コルデリエラの中心都市バギオに行くには、マニラ・パサイでバス・チケットを購入する。この日チケット販売窓口は長蛇の列で、バギオ行きは満席だった。4月18日はキリスト教国ではイースターで、Holy Weekであり、祝日で日本のお盆並みに行楽に出かける人であふれていた。道路脇でキリストに模して十字架を担い、血を流しながら歩く一行に出会うのもこの時期である。急きょ、旅行社の車を見つけて、渋滞する高速道路を我慢しながら走り、バギオの到着は夜中となった。

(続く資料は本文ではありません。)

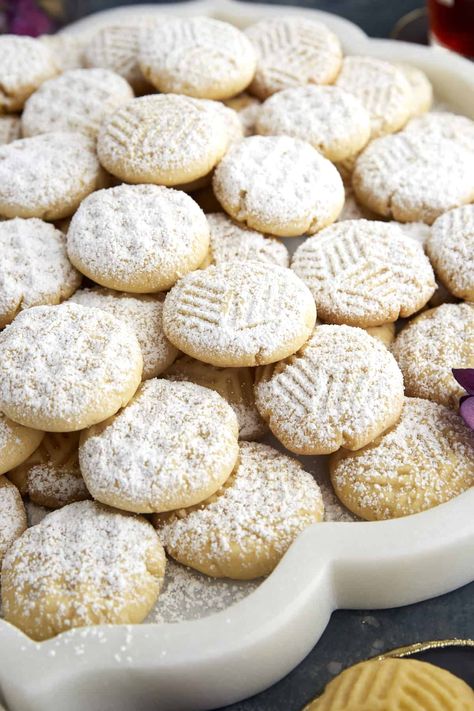 Kahk Cookies, Egypt Cookies, Egyptian Desserts Easy, Arab Desserts Recipes, Egyptian Sweets, Kahk Recipe, Eid Desserts, Eid Cookies, Egyptian Dessert Recipes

バギオは観光都市。冷涼な天空の都市として年間を通して観光客が訪れる。特にマニラなどの都会から多くの富裕層が避暑にやってくる。ホテルや大型スーパー、遊園地などが整備され、街並みもきれいになってきた。若い人たちが活況を呈していて、経済成長の国であることが実感できる。ドテルテ大統領の主導で国内の秩序回復がなされていた。秩序や安全に関する研修会があちこちで開催され、統制が目立つようになった。ホテル前で拾ったタクシーは、スマホで行先を検索し、料金まで表示した。観光客を呼び込む政策なのだろう。以前は料金を交渉しても法外に要求されたことを思えば、雲泥の差である。
19日午前中、ホテルで都市貧民組織「オルヌス」と情報交換した。マルコス政権時代、先住民族の居住する豊かな森林を乱開発しラワン材を大量に日本に送り出した結果、土砂崩れが止まらない山岳地域になってしまった。生活の場を失った先住民族は生活を求めて山を下り、バギオ周辺に居住地を求めたが、仕事がなく都市貧民層を形成する。昨年の大型台風で土砂崩れの被害を受け、多数の死者が出たアンタモック鉱山の低賃金労働者も先住民族が多数を占める。鉱物資源の豊かな地域で、金鉱脈に沿って一人で掘り進む「狸掘り」である。現在「狸掘り」は全面禁止になった。オルヌスは都市貧民層の生活支援をしている。
この日はバギオ市当局と高齢者の年金給付増額の交渉に向かった。午後、私たちはバギオからさらにベンゲット州の山岳地域に向かう。1990年に初めて訪れた頃は、雨季がくれば細い山道はたちまち土砂崩れが起き、道は流されて村は孤立した。第2次大戦にルソン島を侵略した日本軍が山岳地域を行軍するために建設した道路だ。「山下(将軍の名前)道路」と呼ぶ。兵士は大多数が餓死した。ハルセマ・ハイウェイからの入り口に日本兵の死を悼む小さな慰霊碑がある。しばらく行くと日本のODA(政府開発援助)で建設された2車線のコンクリート舗装道路になる。道路は完成したが、山肌はもろい土砂で覆われているので、山を削って道路を拡幅すれば、雨でたちまち崩れ、車線をふさぐ。ずさんな開発援助を目の当たりにする。それでも道路ができ、山の旅は快適になった。